To help the El Cajon Police Department in a pilot project to maximize the effectiveness of existing police department staff, the city’s smart initiative El Cajon 2.O is requesting Request for Innovation. Its interest is ways to utilize artificial intelligence, drones, sensors, other new technology to improve the police department’s efficiency in its ability to respond to calls, be alerted when crime is suspected in a public space, or to aid in the investigation of reported crimes.
IT Director Sara Diaz said that the Request for Innovation is part of the city’s process for community, vendor, and stakeholder involvement in its Smart City process and in this case, it is focusing on public safety, ideas that will make the police more efficient, or make the community feel safer.
“City employees may know what they need but there are also people in the community that may have great ideas for new ways that we might accomplish our strategic goals,” she said. “We are putting out this request. Anyone can participate and give us ideas that we can explore as a city, to see if they can implement.”
Diaz said it is like a Request for Proposal for ideas, just a little less formal, and that the objective is to collect ideas, present them before a committee and see if any resonate or that are implementable.

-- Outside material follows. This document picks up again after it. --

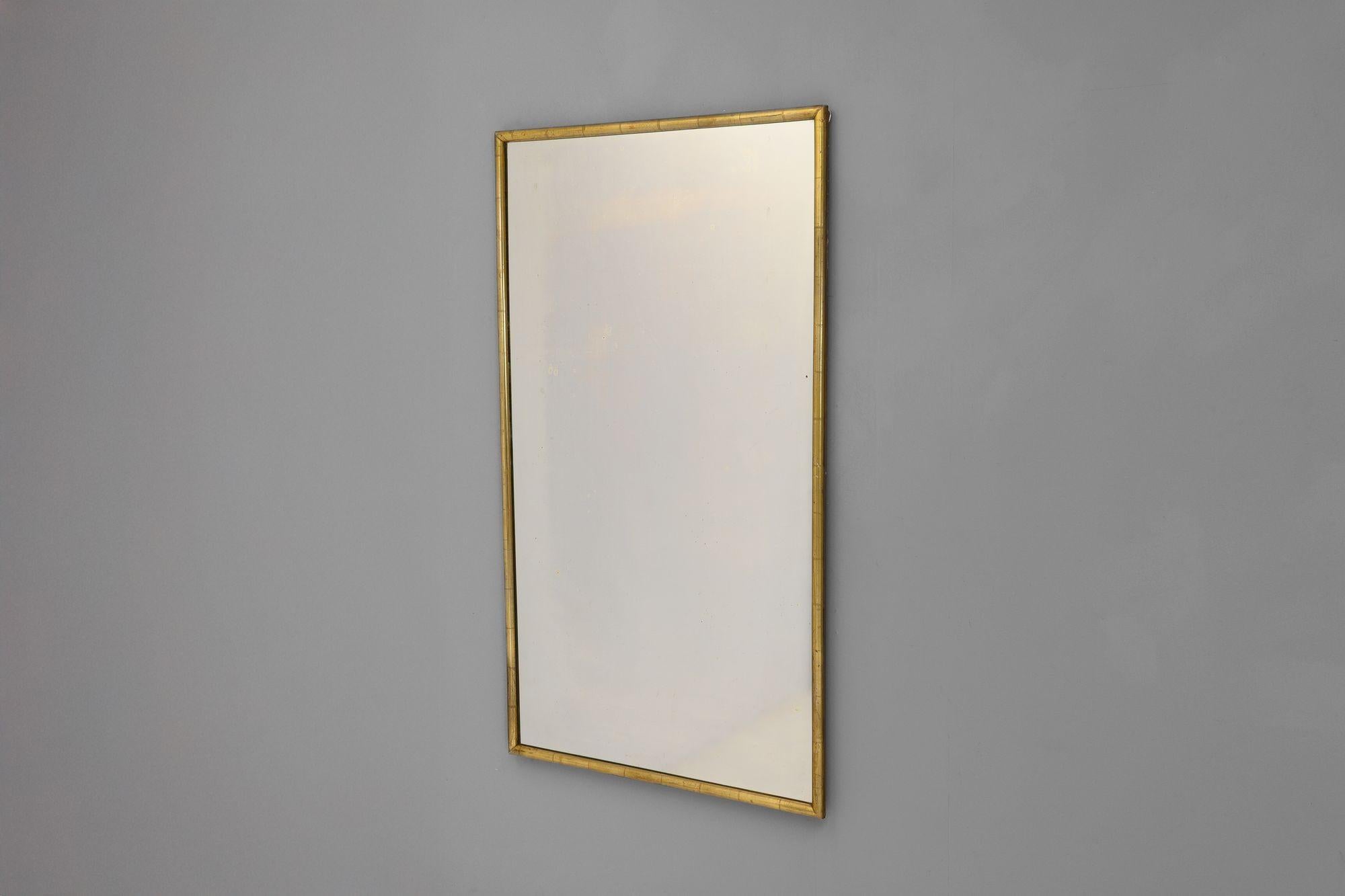 Espejo bistro dorado en marco de cuentas con placa de espejo original.

Francia, hacia 1880.

Alto 136 cm x Ancho 76 cm x Fondo 3 cm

“The idea is to go from this step to then finding solutions to see if we can pilot them or try them out for a short period of time and see if they really make an impact,” she said. “If so, then we start figuring out how to budget and pay for these things long term.”
Diaz said the idea with the Smart City is to cast a “wider net for ideas.”
“There may be ideas that we may not have thought of,” said Diaz. “That does not mean that they are not valid or not implementable. Those ideas could come from someone in the community who may know how someone is tackling the same problem in another part of the country, or another part of the world. It could be a vendor that has a new product that we have not heard about. All of these are opportunities for us to expand our horizon and think about how we protect the public.”
Diaz, who designed the system, said it is a new way to get ideas in, and she likes the ideas of pilots.
“In city procurement things can get quite expensive,” she said. “And, you do not even know if it is going to work in the end. What we are doing by casting the net wide and starting small pilot projects is double checking that a system does everything that is says it is going to do, and everything that we need it to do before we make those big investments. I think it is a way to be smarter with the limited funds that we have as a city.”